═════ Supplied entries ═════
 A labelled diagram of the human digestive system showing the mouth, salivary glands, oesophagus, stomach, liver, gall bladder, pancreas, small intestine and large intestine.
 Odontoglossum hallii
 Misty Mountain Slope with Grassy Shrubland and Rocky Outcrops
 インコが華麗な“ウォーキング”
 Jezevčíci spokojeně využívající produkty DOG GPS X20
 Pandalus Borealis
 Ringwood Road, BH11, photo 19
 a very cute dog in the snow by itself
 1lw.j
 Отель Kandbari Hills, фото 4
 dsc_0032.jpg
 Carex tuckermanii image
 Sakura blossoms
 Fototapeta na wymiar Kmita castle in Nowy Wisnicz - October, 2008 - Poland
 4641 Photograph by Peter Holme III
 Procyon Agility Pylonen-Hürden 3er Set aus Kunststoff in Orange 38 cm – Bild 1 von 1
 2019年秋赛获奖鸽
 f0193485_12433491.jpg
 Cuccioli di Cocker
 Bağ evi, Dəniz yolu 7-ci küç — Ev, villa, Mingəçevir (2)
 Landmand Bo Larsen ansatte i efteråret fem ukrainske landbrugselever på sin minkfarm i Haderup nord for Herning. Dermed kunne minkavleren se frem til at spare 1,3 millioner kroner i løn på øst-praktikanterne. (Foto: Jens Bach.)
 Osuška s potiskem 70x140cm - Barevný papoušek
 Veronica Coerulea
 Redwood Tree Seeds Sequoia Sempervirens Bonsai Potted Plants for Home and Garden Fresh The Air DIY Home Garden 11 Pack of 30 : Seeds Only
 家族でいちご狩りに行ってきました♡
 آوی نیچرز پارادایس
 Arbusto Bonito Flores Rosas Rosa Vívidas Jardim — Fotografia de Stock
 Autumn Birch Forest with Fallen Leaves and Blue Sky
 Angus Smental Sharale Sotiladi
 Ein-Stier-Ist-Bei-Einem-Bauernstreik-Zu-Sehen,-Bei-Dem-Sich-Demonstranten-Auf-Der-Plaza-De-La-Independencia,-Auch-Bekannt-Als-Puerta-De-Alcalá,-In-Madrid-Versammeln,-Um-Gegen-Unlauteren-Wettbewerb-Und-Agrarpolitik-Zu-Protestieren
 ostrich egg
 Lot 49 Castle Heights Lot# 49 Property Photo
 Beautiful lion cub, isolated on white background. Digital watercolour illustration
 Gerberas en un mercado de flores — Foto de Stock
═════
» Problem to solve:
Print all the data exactly as shown above.

» Written response:
 A labelled diagram of the human digestive system showing the mouth, salivary glands, oesophagus, stomach, liver, gall bladder, pancreas, small intestine and large intestine.
 Odontoglossum hallii
 Misty Mountain Slope with Grassy Shrubland and Rocky Outcrops
 インコが華麗な“ウォーキング”
 Jezevčíci spokojeně využívající produkty DOG GPS X20
 Pandalus Borealis
 Ringwood Road, BH11, photo 19
 a very cute dog in the snow by itself
 1lw.j
 Отель Kandbari Hills, фото 4
 dsc_0032.jpg
 Carex tuckermanii image
 Sakura blossoms
 Fototapeta na wymiar Kmita castle in Nowy Wisnicz - October, 2008 - Poland
 4641 Photograph by Peter Holme III
 Procyon Agility Pylonen-Hürden 3er Set aus Kunststoff in Orange 38 cm – Bild 1 von 1
 2019年秋赛获奖鸽
 f0193485_12433491.jpg
 Cuccioli di Cocker
 Bağ evi, Dəniz yolu 7-ci küç — Ev, villa, Mingəçevir (2)
 Landmand Bo Larsen ansatte i efteråret fem ukrainske landbrugselever på sin minkfarm i Haderup nord for Herning. Dermed kunne minkavleren se frem til at spare 1,3 millioner kroner i løn på øst-praktikanterne. (Foto: Jens Bach.)
 Osuška s potiskem 70x140cm - Barevný papoušek
 Veronica Coerulea
 Redwood Tree Seeds Sequoia Sempervirens Bonsai Potted Plants for Home and Garden Fresh The Air DIY Home Garden 11 Pack of 30 : Seeds Only
 家族でいちご狩りに行ってきました♡
 آوی نیچرز پارادایس
 Arbusto Bonito Flores Rosas Rosa Vívidas Jardim — Fotografia de Stock
 Autumn Birch Forest with Fallen Leaves and Blue Sky
 Angus Smental Sharale Sotiladi
 Ein-Stier-Ist-Bei-Einem-Bauernstreik-Zu-Sehen,-Bei-Dem-Sich-Demonstranten-Auf-Der-Plaza-De-La-Independencia,-Auch-Bekannt-Als-Puerta-De-Alcalá,-In-Madrid-Versammeln,-Um-Gegen-Unlauteren-Wettbewerb-Und-Agrarpolitik-Zu-Protestieren
 ostrich egg
 Lot 49 Castle Heights Lot# 49 Property Photo
 Beautiful lion cub, isolated on white background. Digital watercolour illustration
 Gerberas en un mercado de flores — Foto de Stock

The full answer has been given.